Reproduce the entries shown below only from the line with "Quilted Calfskin Shoulder Bag Beige" down to the line with "gothic cross necklace", keeping both end lines and copying each one exactly.

* Task data *
════════
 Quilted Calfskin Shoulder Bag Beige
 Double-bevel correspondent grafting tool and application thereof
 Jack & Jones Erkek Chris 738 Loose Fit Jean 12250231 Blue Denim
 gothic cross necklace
════════
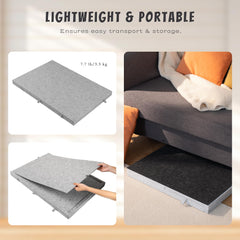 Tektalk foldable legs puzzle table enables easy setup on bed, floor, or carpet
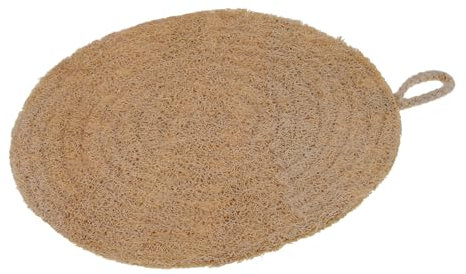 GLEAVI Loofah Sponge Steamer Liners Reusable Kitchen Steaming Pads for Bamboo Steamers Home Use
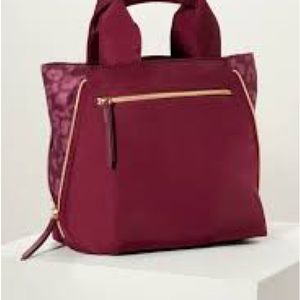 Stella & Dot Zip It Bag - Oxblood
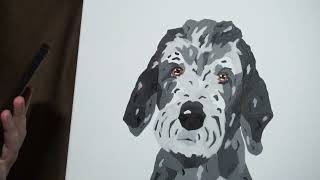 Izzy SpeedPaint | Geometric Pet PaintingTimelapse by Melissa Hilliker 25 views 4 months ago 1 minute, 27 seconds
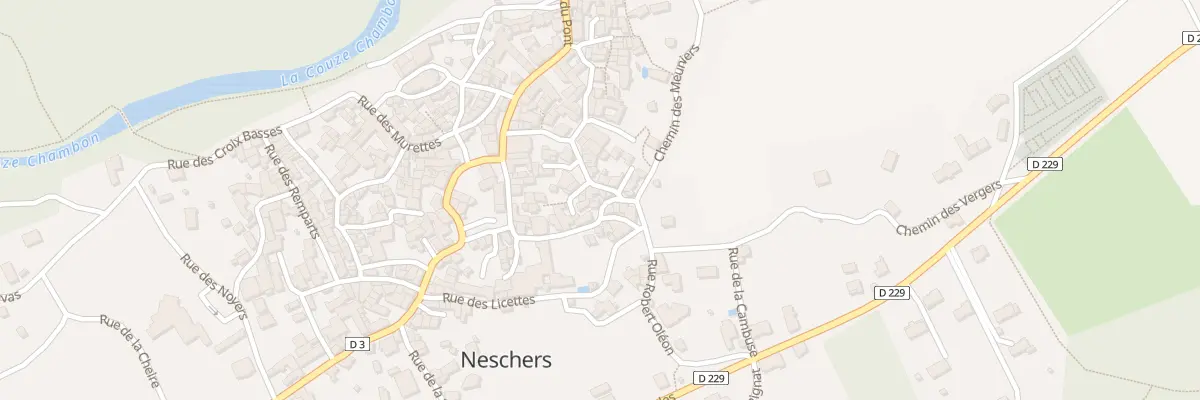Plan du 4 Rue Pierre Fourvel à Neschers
════════
* Answer *
 Quilted Calfskin Shoulder Bag Beige
 Double-bevel correspondent grafting tool and application thereof
 Jack & Jones Erkek Chris 738 Loose Fit Jean 12250231 Blue Denim
 gothic cross necklace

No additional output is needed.